The pilot of the Southwest flight made a command decision and phoned Little Caesars. Within 30 minutes,40 pizzas were being shared by passengers on all three planes. OK, it's not quite as good as a free ticket, but when's the last time this happened to you? Actually, Delta once held a similar pizza-fest in Syracuse, but that was three years ago.
I'm going to go out on a limb and say we'll see more of this kind of customer service (or maybe we should call it "customer courtesy"). The airlines know passengers are fed up with the constant whittling away of any kind of onboard creature comforts, and some will (belatedly) try to show us that a human heart still beats beneath all those fees.
Possible downside: Eat too much pizza and Southwest may decide you now require two seats. Of course if that's the case, then you can start your own "too-fat-to-fly" rant on Twitter.

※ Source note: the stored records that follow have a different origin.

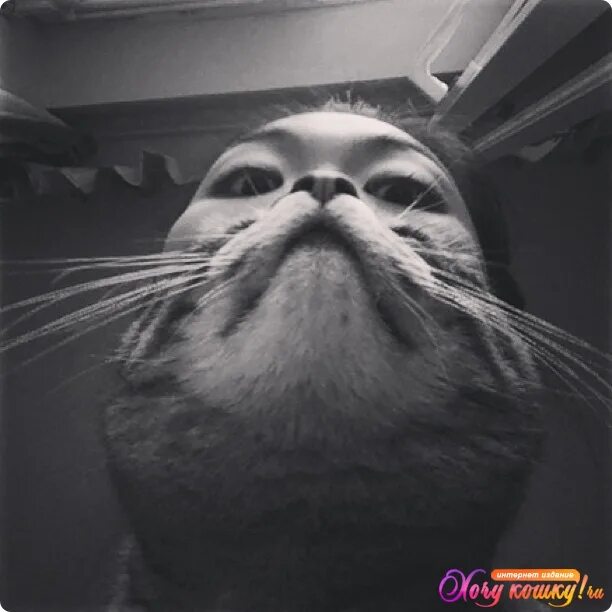 Кот с бородой мем Hilarious Pet Owners Take Photos with "Cat Beards" Cat beard, Beard, Rollercoast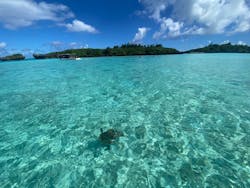 SUPよろんに投稿された画像（2024/10/22）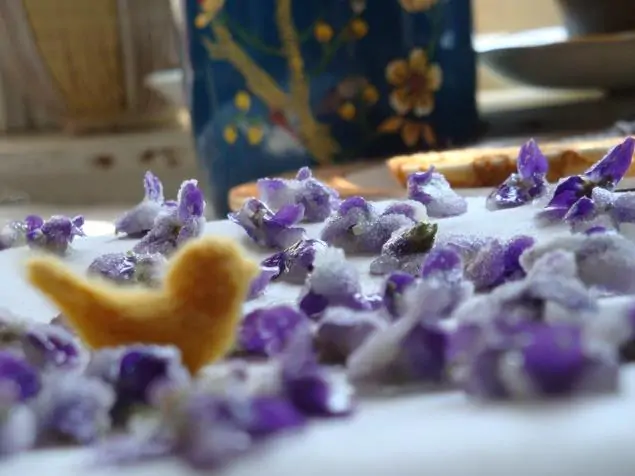 Viola odorata - Wood Violet, Sweet Violet, The Czar, English Violet, Common Violet, Florist'S Violet, Garden Violet - Image 5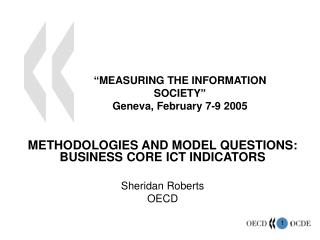 “MEASURING THE INFORMATION SOCIETY” Geneva, February 7-9 2005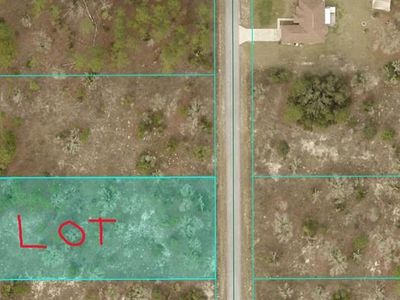 SW Carnation Ct Lot 12, Dunnellon, FL, 34431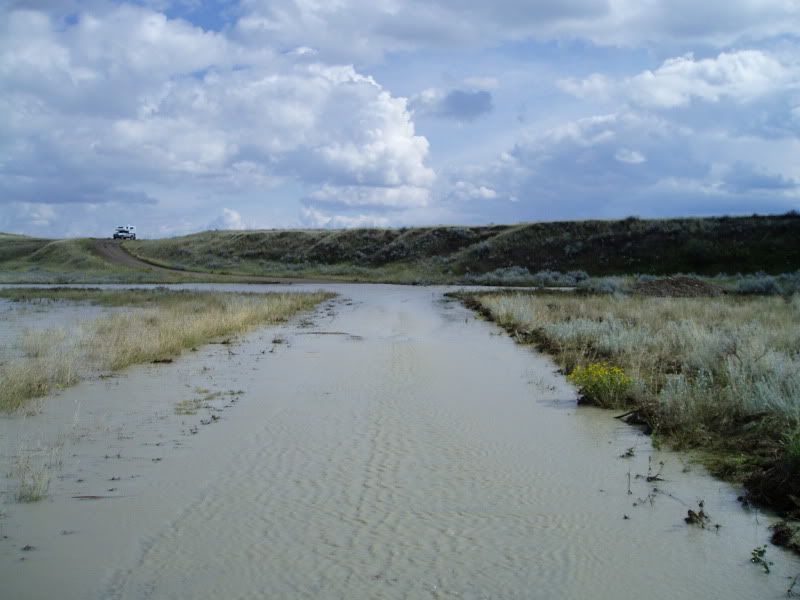 P1010018-6.jpg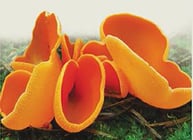 Champignon - Ascomycète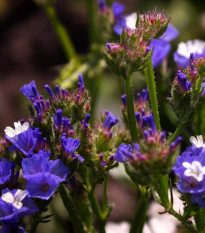 Limonka chobotnatá QIS Pale Blue - Limonium sinuatum - osivo limonky - 30 ks
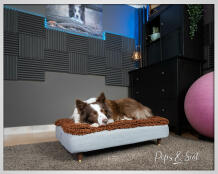 Peps & scot hund schläft auf Omlet Topology hundebett mit mikrofaser topper und messingkappe holzfüße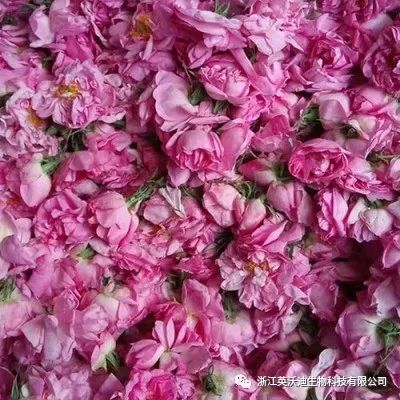 1668313367747772.jpg 微信圖片_20221113122025.jpg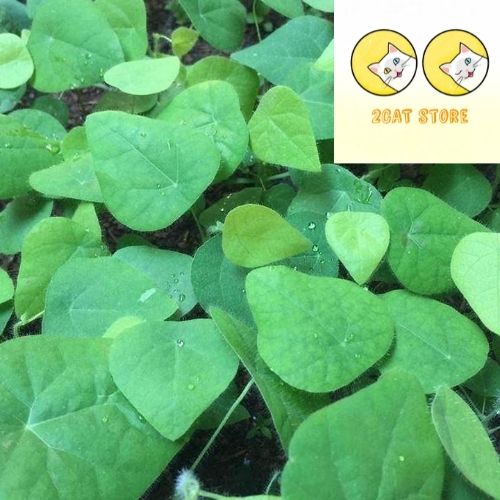 Hạt Giống Sương Sâm Lông Rado 406 gói 10 hạt Dễ trồng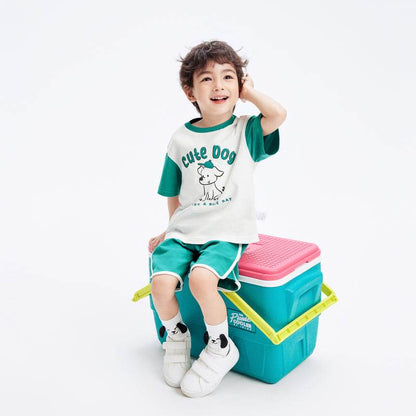 Комплект поло+шорты для мальчиков Balabala - Boxette Shop
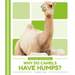 Why Do Camels Have Humps?
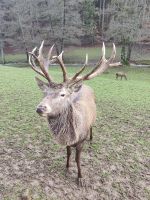Wildpark Gersfeld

It's not quite a done deal yet, but the Department of Transportation wants to increase payments for passengers who've been "involuntarily bumped" from planes, and these days, what the DOT wants, the DOT seems to get.
If approved, compensation rates would for people bumped from their scheduled flights would rise from between $400 and $800 to the neighborhood of $650 to $1,300, depending on the length of the flight. And remember, we're talking cash compensation, not vouchers.
However, I feel it's my obligation to note that the chances of you being forced from a plane due to over-sold seats is really not very high. Last year the rate hovered around 1 in 10,000. Still, that's better than one's chances of dating a supermodel (close to 1 in 180,000).
#3: The DOT's New Super Hero Has Your Back
Ray LaHood sure acts like a super hero these day. He didn't wait around for Congress to enact a passenger rights bill, he did it himself with the Department of Transportation's three-hour rule. At the very least it means no more gut-wrenching stories about loaded planes stuck on tarmacs for nine hours with no food, no water and broken toilets.